“We shouldn’t compare the wines of our West Coast and South America with those in the Pennsylvania region,” says Gabriel Rubilar intently when prodded. “They have totally different profiles. It’s like comparing apples to oranges. It’s about educating first-time Pennsylvania wine tasters. The wines of this region tend to be more fruit-forward and light—and that’s okay.”
Currently the four-year winemaster at Paradocx Vineyard and Winery—located in Landenberg in rural southern Chester County—the oenologist has a definite knack for understanding the chemistry involved in tending the fickle Pennsylvania grape. “Everything in life is based from chemistry,” he notes with a slight accent while illustrating a complex formula for calculating sugar and alcohol content in his notebook.

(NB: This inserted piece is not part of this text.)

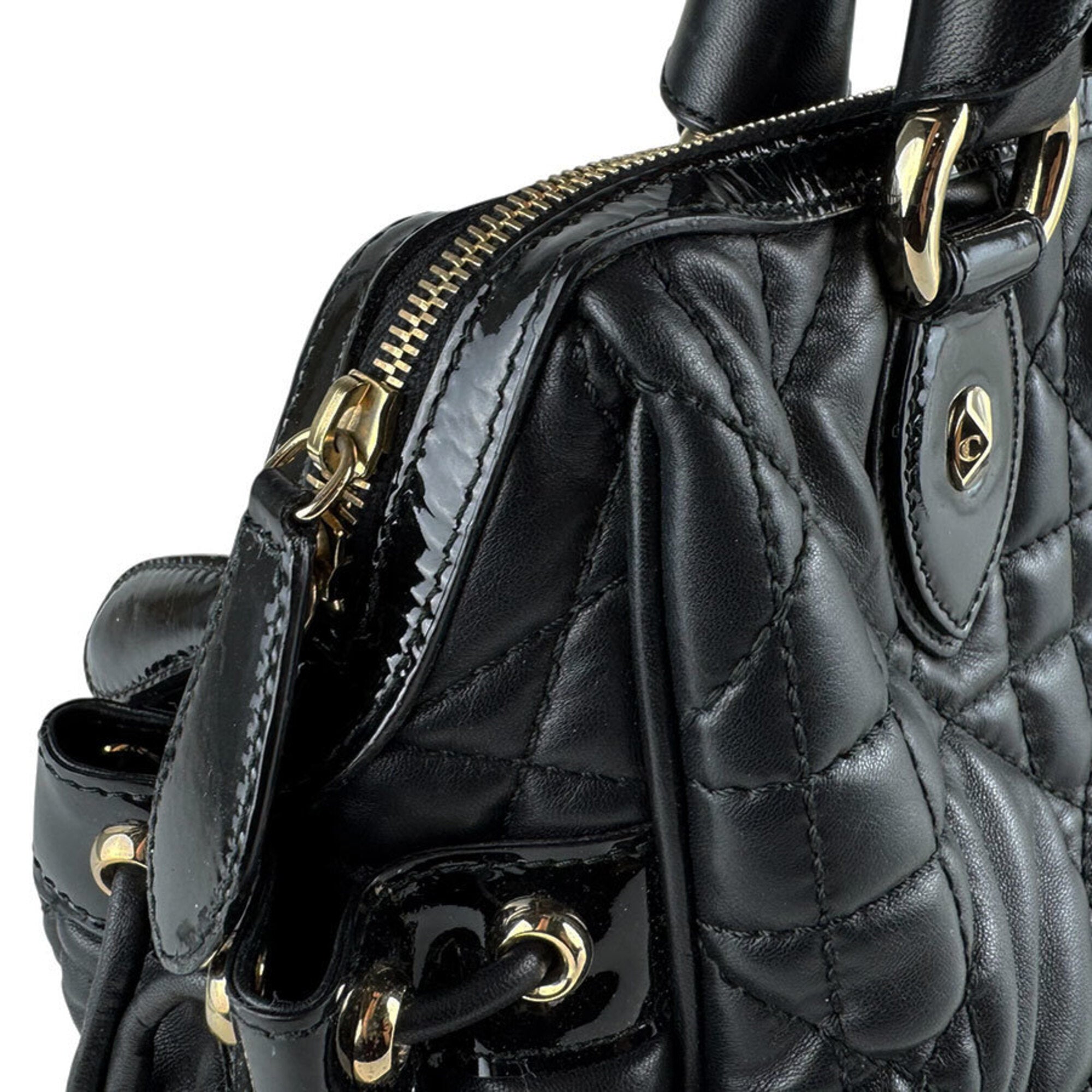 Christian Dior Black Patent Leather Leather Handbag (Pre-Owned)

Born and raised in Mendoza, Argentina, Rubilar was always fascinated with living things. He enjoyed discovering animals, working in gardens and understanding the circles of life. He began exploring his interests in high school by studying chemistry and agronomy (the science and technology of producing and using plants for food, fuel, fiber and land irrigation). On a fast track to the Universidad Tecnológica Nacional (he notes that continued education in his native country is free), he earned degrees in winemaking, food and beverage preparation and oenology (the chemistry and biology of wine).

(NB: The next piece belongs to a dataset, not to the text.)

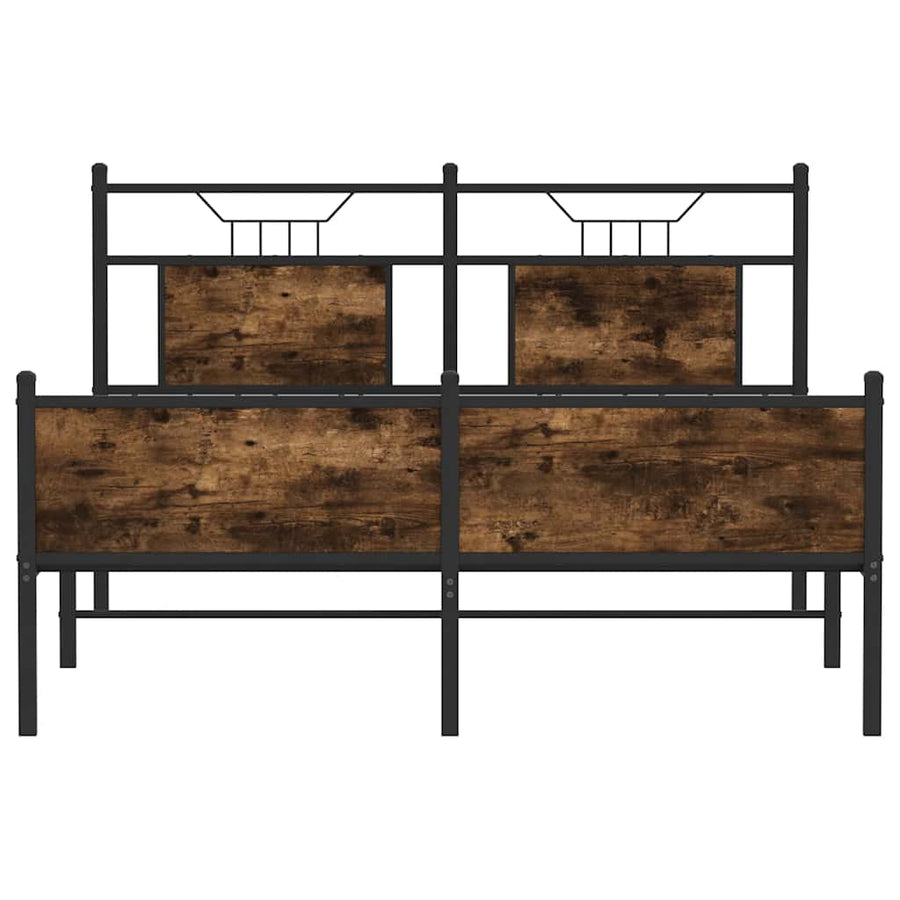 Bedframe zonder matras hout gerookt eikenkleurig 140x200 cm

Always striving to gain more experience, Rubilar took an educational leap by embracing a position with a wine co-op called FeCoVitA in Mendoza, where the focus was on the microbiology and analysis of the chemistry involved in creating the product prior to bottling. Continuing on in 2010, he took part in an exchange program and was involved in the grape harvest at Lynmar Estate Winery in Santa Rosa, California.
Once again returning to Mendoza as an assistant winemaker at Trivento Winery, he met some wine producers from Paradocx Vineyard. Wanting to expand his knowledge of wine, he could not resist the opportunity to relocate to the expansive Pennsylvania vineyard, where he eventually met and married his wife and began his family of two daughters.

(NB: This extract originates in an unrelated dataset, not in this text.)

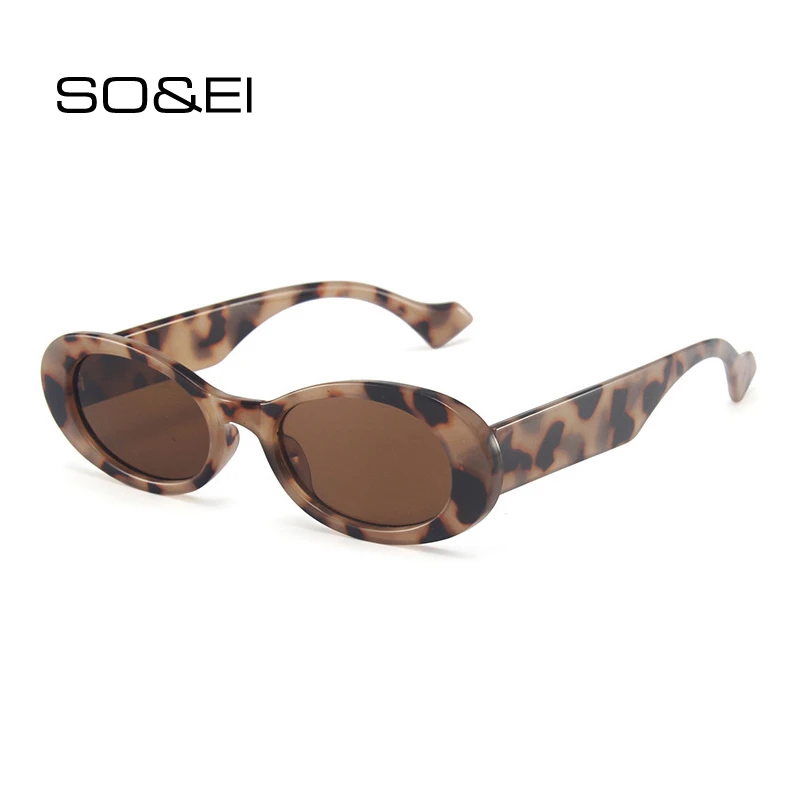 SO & EI Ins gafas de sol pequeñas para y mujer, lentes de leopardo Vintage de Color gelatina, populares, a la moda, sol para mujer| - AliExpress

The 30-something viticulturalist remains focused as he explains that mastering the growing techniques and comprehending the chemistry of fermentation, including French oak barrel aging, are key in producing the wine profiles for which Paradocx is famous.
Keeping the vines strong makes for a premium grape. Comparing viticulture with raising his own two young daughters, the winemaster’s eyes light up as he explains, “If we stay focused on the vine (as the parent), the grapes will follow with positive results for a very long time. As long as we continue to follow this philosophy—as well as providing information to our customers as to what they’re tasting and enjoying—we will continue to succeed in producing quality Pennsylvania wines.”
Personally, Rubilar favors drinking Cabernet Sauvignon, but he is also drawn to the winery’s 2012 Traminette varietal. “I remember the first time I inhaled the bouquet with the hints of jasmine in this wine,” he reminisces. “It reminded me of the garden of my sister in Argentina when I was younger.”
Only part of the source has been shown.